▶ Problem details
Please find the lines in the entries below that contain the word "Used", and copy each one.

(Stored entries)

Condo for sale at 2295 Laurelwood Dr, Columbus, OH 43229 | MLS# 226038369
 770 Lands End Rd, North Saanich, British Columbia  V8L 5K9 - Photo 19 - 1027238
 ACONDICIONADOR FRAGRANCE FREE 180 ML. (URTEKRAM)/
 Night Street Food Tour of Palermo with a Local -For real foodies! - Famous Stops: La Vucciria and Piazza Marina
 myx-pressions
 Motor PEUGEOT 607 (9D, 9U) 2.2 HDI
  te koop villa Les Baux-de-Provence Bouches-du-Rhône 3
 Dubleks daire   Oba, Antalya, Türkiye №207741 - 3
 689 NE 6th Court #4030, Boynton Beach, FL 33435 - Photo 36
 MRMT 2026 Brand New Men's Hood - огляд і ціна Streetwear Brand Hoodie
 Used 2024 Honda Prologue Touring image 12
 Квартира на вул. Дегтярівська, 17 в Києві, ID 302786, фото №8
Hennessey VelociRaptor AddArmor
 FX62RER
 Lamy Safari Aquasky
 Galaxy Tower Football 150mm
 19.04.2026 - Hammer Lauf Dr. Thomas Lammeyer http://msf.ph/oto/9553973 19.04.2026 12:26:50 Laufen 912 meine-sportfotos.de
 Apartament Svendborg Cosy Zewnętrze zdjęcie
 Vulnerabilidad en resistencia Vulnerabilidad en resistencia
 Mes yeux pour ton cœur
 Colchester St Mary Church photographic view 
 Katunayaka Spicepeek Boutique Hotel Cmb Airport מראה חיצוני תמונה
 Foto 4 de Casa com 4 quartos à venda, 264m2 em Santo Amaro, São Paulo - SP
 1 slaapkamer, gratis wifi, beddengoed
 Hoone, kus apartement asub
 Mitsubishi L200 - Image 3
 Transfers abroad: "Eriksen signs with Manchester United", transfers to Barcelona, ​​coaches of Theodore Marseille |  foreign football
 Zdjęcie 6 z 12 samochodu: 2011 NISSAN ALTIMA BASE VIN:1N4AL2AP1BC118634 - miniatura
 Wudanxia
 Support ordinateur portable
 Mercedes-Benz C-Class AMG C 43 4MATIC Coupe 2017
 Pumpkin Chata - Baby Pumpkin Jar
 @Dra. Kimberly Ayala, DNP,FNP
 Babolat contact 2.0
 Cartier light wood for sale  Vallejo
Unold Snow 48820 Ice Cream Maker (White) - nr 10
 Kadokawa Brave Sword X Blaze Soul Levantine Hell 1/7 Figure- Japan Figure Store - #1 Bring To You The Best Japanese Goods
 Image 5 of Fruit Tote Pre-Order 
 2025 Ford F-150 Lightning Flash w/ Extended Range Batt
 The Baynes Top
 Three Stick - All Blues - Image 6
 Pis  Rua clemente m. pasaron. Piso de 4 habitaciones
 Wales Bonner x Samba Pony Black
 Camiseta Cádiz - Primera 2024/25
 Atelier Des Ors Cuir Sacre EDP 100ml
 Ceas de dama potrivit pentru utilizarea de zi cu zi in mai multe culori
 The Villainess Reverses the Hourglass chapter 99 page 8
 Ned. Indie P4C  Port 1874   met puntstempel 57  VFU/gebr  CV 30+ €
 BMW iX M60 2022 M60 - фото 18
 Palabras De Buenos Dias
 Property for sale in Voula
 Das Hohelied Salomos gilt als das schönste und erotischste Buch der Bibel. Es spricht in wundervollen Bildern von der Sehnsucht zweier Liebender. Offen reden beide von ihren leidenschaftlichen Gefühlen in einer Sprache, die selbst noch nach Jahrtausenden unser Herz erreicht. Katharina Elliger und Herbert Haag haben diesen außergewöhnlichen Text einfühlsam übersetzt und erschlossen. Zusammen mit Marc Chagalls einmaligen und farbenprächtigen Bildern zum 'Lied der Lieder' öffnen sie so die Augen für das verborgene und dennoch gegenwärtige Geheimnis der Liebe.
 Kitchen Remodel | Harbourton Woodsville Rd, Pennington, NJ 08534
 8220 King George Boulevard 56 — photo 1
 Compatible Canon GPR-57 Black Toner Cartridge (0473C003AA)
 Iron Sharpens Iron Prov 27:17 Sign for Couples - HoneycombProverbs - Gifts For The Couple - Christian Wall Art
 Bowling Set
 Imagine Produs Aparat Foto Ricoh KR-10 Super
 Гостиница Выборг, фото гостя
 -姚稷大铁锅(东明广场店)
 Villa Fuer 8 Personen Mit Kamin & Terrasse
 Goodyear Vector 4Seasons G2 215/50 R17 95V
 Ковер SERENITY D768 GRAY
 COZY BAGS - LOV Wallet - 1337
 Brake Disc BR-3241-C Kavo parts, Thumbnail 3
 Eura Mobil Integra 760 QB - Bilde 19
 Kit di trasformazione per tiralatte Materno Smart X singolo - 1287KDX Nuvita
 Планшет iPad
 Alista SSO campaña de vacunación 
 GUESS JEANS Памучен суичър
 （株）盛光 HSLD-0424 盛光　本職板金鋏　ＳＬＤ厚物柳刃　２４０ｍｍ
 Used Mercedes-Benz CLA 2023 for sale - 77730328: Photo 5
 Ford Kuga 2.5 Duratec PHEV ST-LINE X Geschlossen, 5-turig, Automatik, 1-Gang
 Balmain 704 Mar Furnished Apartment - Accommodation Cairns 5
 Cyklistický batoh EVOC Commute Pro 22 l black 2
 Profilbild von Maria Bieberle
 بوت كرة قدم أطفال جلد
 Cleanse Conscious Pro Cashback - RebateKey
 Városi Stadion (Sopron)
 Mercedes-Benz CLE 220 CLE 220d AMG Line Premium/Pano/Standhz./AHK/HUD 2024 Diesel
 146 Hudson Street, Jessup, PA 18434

▶ Worked solution
 Used 2024 Honda Prologue Touring image 12
 Used Mercedes-Benz CLA 2023 for sale - 77730328: Photo 5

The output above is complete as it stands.